» **TASK STATEMENT**
The answer must be an exact printing of every record below, with the pictures omitted.

::: DATASET RECORDS :::

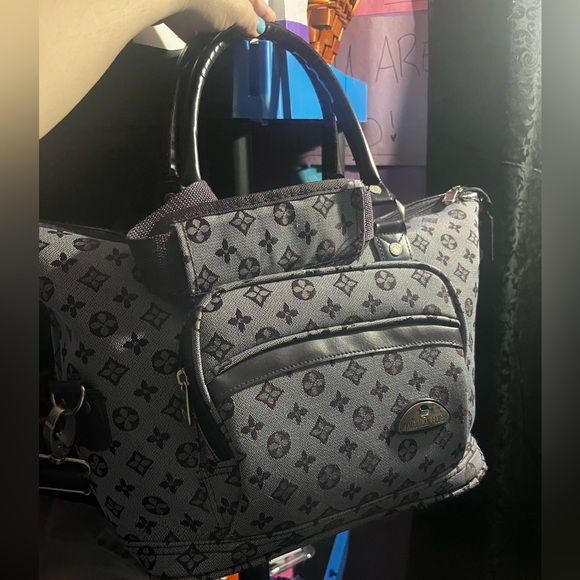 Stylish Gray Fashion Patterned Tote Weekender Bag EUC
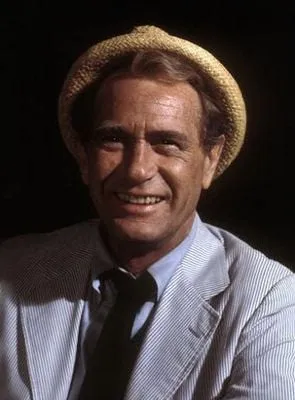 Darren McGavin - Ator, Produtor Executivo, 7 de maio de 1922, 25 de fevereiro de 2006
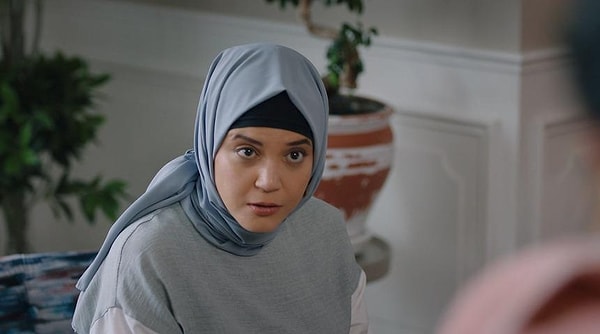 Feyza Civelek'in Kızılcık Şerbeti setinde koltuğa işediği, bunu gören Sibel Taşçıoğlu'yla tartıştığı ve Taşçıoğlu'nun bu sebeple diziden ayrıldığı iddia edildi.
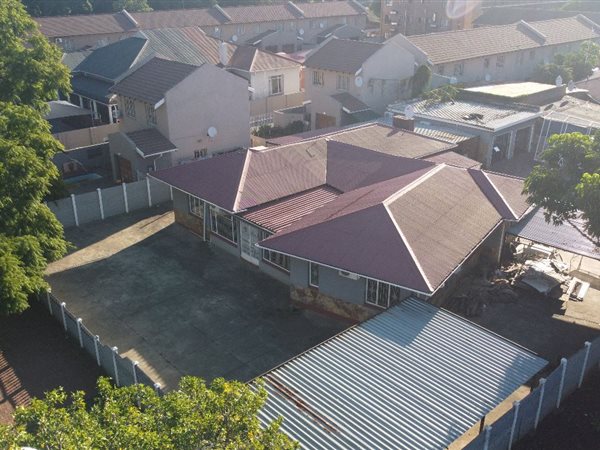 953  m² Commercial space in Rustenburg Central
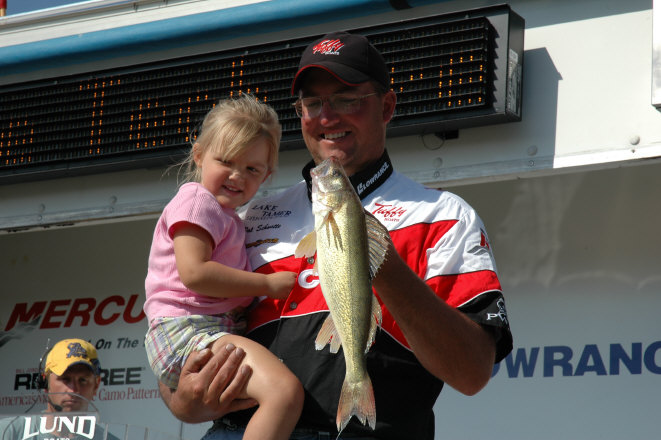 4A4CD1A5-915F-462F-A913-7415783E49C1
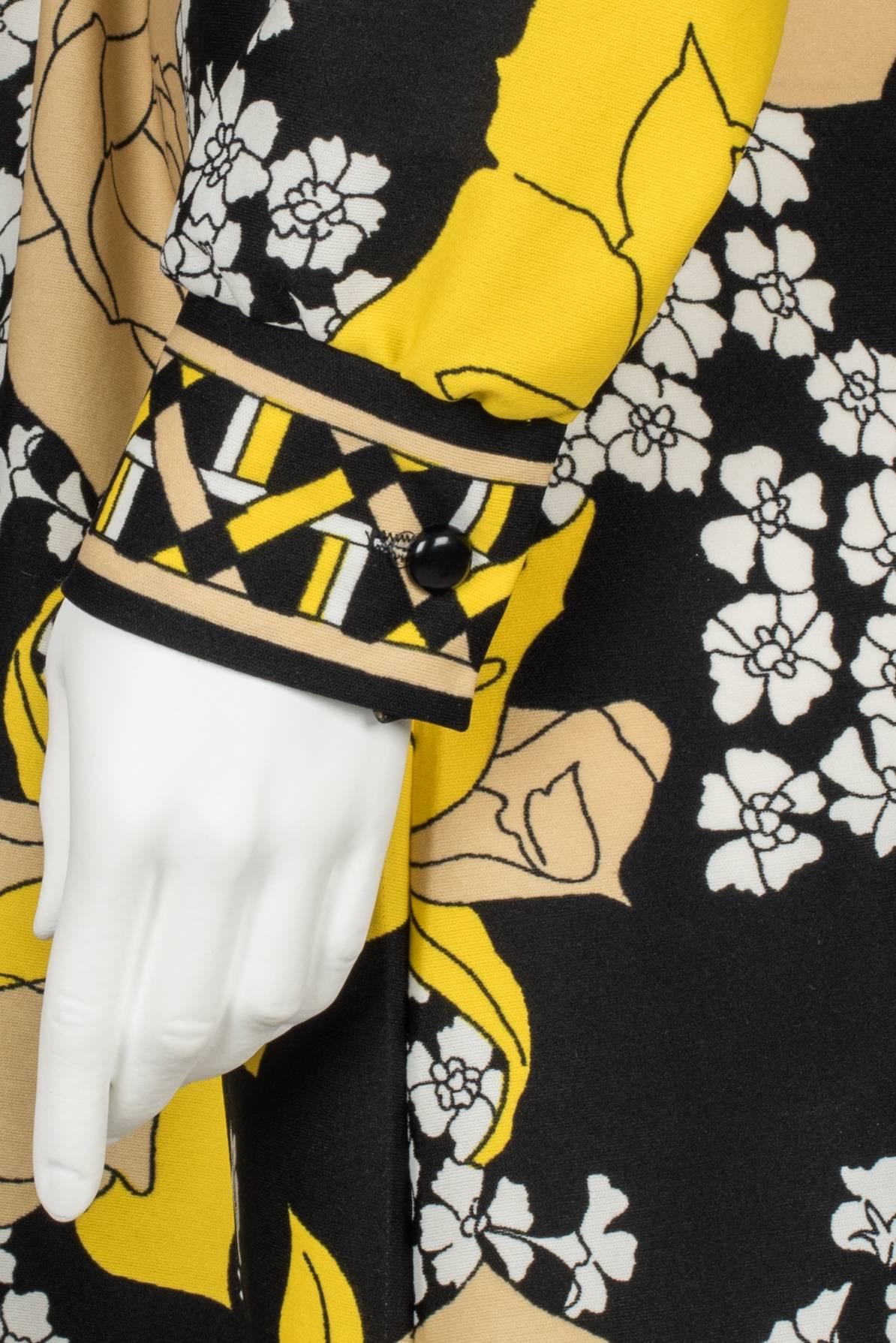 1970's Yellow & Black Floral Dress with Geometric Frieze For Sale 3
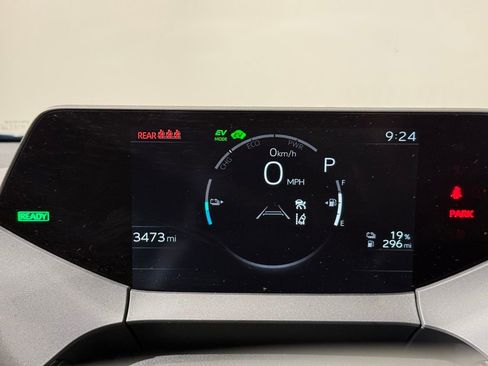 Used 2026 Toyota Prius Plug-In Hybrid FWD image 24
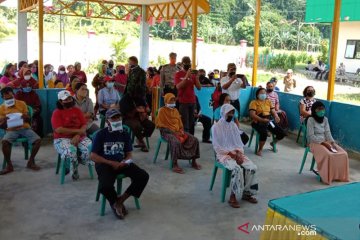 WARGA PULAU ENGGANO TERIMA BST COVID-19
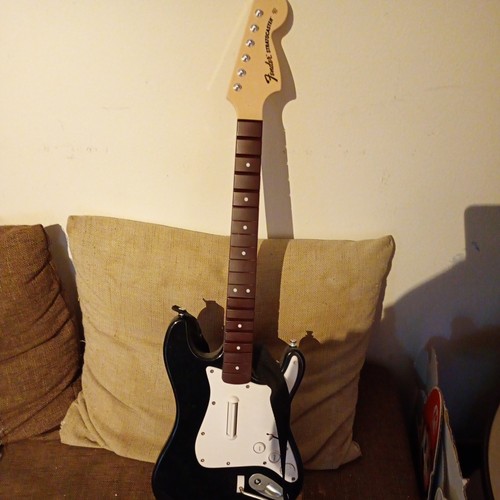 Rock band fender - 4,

:::

» **RESULT FOR THIS EXERCISE**
 Stylish Gray Fashion Patterned Tote Weekender Bag EUC
 Darren McGavin - Ator, Produtor Executivo, 7 de maio de 1922, 25 de fevereiro de 2006
 Feyza Civelek'in Kızılcık Şerbeti setinde koltuğa işediği, bunu gören Sibel Taşçıoğlu'yla tartıştığı ve Taşçıoğlu'nun bu sebeple diziden ayrıldığı iddia edildi.
 953  m² Commercial space in Rustenburg Central
 4A4CD1A5-915F-462F-A913-7415783E49C1
 1970's Yellow & Black Floral Dress with Geometric Frieze For Sale 3
 Used 2026 Toyota Prius Plug-In Hybrid FWD image 24
 WARGA PULAU ENGGANO TERIMA BST COVID-19
 Rock band fender - 4,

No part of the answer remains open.